[Opening DATA PROVIDED section]

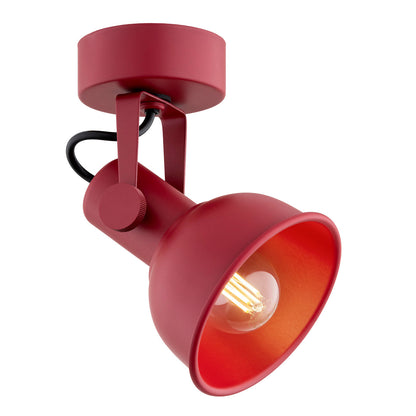 Lenora wandlamp Rood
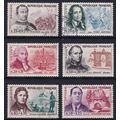 France 1961 SG 1525-30 Used - Red Cross Semi-po...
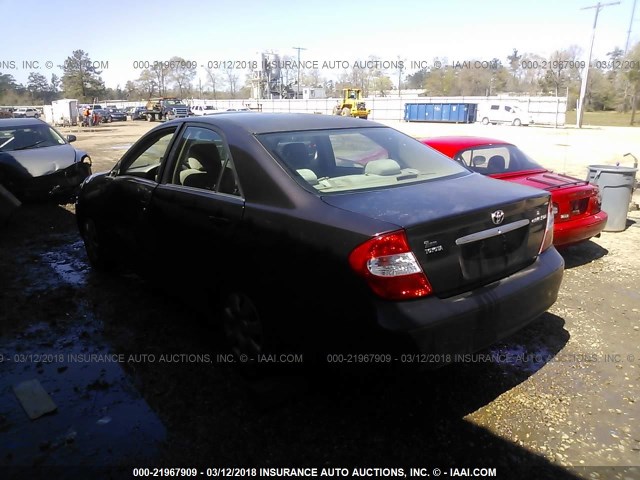 4T1BE32K93U689328 - 2003 TOYOTA CAMRY LE/XLE/SE PURPLE photo 3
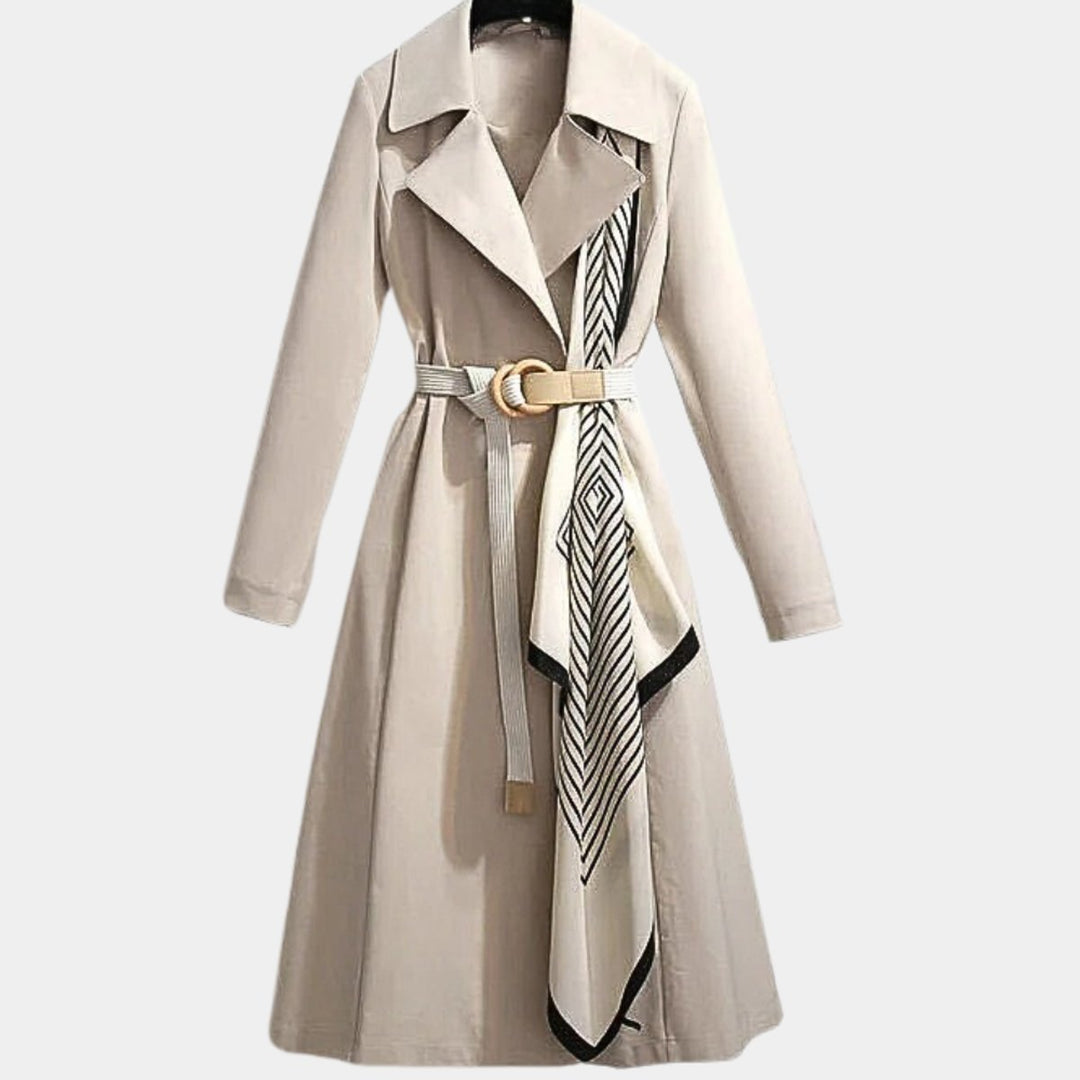 Nora | Lady Elegant Belted Trench Coat Klassisk Snitt Hverdag Frakk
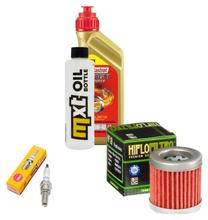 Inspektionspaket 1L 5W-40 + Ölfilter + 1x Zündkerze für Aprilia Mojito 125 ccm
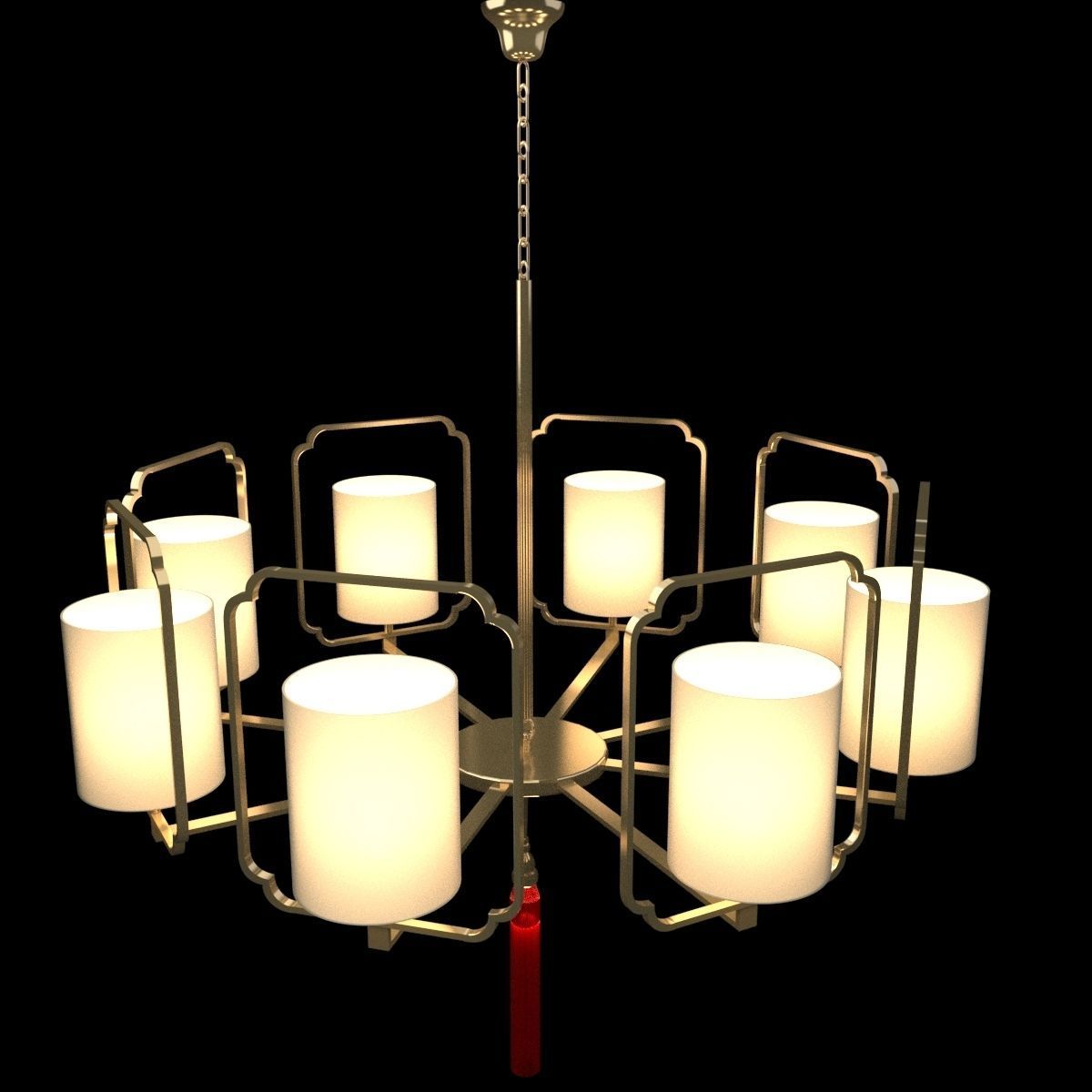 Chinese lantern 3D model_4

[Closing DATA PROVIDED section]

(EXERCISE DETAILS):
Keep the pictures out of your answer, which should be the lines from the one with "Nora | Lady" through the final line of the data, copied exactly.

(SOLVED PROBLEM):
 Nora | Lady Elegant Belted Trench Coat Klassisk Snitt Hverdag Frakk
 Inspektionspaket 1L 5W-40 + Ölfilter + 1x Zündkerze für Aprilia Mojito 125 ccm
 Chinese lantern 3D model_4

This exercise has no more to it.